Na desordem da incompetência, do peculato, da tirania, da cobiça, perderam-se as normas mais comezinhas na direção dos negócios públicos. A higiene vive em grande parte das esmolas americanas; a polícia, viciada pelo estado-de-sítio, protege criminosos e persegue inocentes; as estradas de ferro oficiais, com os mais elevados fretes do mercado, descarrilam diariamente ou deixam apodrecer os gêneros que não transportam; a lavoura não tem braços porque não há mais imigrantes; desaparece a navegação dos rios; a cabotagem suprime o comércio litorâneo; o dinheiro baixa por decreto, e o ouro que o deve garantir não nos pertence. À lavoura de café acena-se com a valorização artificial dos preços descuidando-se do barateamento do custeio, do aumento da produção e do desenvolvimento do consumo; os seringais são abandonados, ou vendidos por nada, porque os impostos excedem o preço das mercadorias; o açúcar, como nos tempos coloniais, não pode competir com o estrangeiro; o algodão é vítima da negligência do preparo, da praga, e só existe pela proteção aduaneira; a pecuária, sem seleção e sem transporte, explorando o rebanho nativo, não dá carne para os frigoríficos que funcionam com intermitências, obrigando-nos a recorrer ao xarque dos vizinhos; o cacau, sobrecarregado de impostos, não pode lutar contra os concorrentes africanos e asiáticos. A Justiça (sem a qual, dizia o padre Vieira, não há reino, nem província, nem cidade, nem ainda companhia de ladrões que se possa conservar), a Justiça, em contato com os interesses da politicagem, dificilmente resiste ao arbítrio e ao abuso de poder; o Exército, caríssimo, desaparece, desorganizado pelo ódio e pelo medo; a Marinha, sem navios, vegeta na baía de Guanabara: é uma repartição pública. Está tudo por fazer, nada se faz, e segundo a chapa corrente — não se sabe para quem apelar.
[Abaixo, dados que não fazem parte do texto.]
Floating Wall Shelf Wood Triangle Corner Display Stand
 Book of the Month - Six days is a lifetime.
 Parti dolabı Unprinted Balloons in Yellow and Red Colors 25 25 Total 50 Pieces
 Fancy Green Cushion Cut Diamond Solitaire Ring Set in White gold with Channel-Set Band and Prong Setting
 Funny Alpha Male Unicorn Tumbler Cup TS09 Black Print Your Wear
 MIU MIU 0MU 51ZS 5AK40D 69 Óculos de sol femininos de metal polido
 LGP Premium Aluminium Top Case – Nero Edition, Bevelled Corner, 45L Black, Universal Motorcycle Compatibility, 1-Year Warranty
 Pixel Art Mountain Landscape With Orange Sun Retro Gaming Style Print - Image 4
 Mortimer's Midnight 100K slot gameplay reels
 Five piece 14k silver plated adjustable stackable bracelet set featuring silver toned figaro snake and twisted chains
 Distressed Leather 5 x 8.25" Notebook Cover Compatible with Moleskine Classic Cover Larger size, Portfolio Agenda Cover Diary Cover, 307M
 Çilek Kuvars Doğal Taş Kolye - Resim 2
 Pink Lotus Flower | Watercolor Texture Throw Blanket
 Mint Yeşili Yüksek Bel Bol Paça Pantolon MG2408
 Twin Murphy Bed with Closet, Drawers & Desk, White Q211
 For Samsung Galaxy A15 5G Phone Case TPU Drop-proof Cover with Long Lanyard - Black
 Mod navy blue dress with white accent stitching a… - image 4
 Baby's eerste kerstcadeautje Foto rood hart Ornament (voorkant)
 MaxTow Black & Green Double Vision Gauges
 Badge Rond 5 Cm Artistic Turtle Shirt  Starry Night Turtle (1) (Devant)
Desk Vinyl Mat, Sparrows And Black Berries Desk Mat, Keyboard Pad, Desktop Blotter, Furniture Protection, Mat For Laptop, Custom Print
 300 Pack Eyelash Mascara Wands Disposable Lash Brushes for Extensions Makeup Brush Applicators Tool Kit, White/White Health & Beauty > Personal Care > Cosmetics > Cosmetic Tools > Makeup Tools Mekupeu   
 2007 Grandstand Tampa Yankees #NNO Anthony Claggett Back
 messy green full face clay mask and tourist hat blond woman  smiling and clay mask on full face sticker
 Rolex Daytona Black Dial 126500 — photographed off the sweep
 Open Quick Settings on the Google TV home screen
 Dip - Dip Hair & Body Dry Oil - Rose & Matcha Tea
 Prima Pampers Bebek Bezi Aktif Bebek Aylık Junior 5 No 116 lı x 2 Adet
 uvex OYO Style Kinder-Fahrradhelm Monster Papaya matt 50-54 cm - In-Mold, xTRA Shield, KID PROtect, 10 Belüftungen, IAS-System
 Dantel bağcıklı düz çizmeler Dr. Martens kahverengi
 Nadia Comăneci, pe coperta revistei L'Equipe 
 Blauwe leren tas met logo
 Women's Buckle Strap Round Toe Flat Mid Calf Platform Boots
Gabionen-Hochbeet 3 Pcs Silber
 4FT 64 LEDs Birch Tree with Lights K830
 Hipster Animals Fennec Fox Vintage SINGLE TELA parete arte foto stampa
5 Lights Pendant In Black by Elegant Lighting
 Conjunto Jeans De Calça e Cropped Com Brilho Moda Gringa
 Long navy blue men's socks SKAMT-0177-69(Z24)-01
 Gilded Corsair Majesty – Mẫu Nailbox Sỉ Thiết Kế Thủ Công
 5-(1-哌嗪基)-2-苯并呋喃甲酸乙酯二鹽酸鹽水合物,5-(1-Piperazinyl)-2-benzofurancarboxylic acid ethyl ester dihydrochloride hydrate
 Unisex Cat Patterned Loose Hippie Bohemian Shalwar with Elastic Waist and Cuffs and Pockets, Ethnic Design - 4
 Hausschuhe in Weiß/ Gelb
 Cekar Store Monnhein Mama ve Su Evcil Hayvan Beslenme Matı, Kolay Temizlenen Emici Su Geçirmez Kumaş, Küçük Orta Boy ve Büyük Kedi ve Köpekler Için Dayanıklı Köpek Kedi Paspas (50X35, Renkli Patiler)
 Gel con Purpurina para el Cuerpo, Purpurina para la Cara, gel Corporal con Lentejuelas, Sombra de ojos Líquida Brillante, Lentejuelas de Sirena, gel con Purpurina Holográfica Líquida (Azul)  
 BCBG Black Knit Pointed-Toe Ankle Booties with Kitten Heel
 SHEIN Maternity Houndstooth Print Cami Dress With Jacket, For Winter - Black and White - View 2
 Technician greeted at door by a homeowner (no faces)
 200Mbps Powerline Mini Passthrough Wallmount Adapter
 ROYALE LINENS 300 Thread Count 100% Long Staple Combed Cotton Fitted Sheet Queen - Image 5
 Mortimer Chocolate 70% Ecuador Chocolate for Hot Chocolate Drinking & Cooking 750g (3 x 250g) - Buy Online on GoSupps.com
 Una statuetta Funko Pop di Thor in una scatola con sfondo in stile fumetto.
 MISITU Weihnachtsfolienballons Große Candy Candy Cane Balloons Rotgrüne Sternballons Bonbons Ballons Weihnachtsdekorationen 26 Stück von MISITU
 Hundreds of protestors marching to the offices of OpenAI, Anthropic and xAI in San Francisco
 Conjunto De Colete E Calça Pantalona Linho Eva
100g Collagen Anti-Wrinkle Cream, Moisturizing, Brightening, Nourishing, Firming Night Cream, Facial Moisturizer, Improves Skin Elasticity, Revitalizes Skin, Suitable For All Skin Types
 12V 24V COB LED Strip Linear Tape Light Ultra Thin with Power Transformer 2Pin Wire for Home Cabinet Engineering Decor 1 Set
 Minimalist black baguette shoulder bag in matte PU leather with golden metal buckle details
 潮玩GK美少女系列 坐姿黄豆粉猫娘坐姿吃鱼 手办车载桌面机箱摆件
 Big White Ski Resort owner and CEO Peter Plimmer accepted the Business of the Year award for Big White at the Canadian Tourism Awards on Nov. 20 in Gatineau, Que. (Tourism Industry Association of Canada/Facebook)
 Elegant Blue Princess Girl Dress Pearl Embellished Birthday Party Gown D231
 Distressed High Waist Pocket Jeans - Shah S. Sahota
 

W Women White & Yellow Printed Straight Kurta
O analfabetismo das classes inferiores — quase de cento por cento — corre parelhas com a bacharelice romântica do que se chama a intelectualidade do país. Sem instrução, sem humanidades, sem ensino profissional, a cultura intelectual não existe, ou finge existir em semi-letrados mais nocivos do que a peste. Não se publicam livros porque não há leitores, não há leitores porque não há livros. Ciência, literatura, arte, — palavras cuja significação exata escapa a quase todos. Em tudo domina o gosto do palavreado, das belas frases cantantes, dos discursos derramados; ainda há poetas de profissão. Um vício nacional, porém, impera: o vício da imitação. Tudo é imitação, desde a estrutura política em que procuramos encerrar e comprimir as mais profundas tendências da nossa natureza social, até o falseamento das manifestações espontâneas do nosso gênio criador. Emerson dizia dos americanos do seu tempo que a mania da imitação — mal que também conheceram — lhes vinha da superstição da Viagem, fornecedora do alimento espiritual que não sabiam encontrar na própria terra, mas onde somente se desenvolve e se apura a alma da raça. Imitação quer dizer importação. Nesta terra, em que quase tudo dá, importamos tudo: das modas de Paris — idéias e vestidos, — ao cabo de vassoura e ao palito. Transplantados, são quase nulos os focos de reação intelectual e artística. Passa pelas nossas alfândegas tudo que constitui as bênçãos da civilizacão: saúde, bem-estar material, conhecimentos, prazeres, admirações, senso estético.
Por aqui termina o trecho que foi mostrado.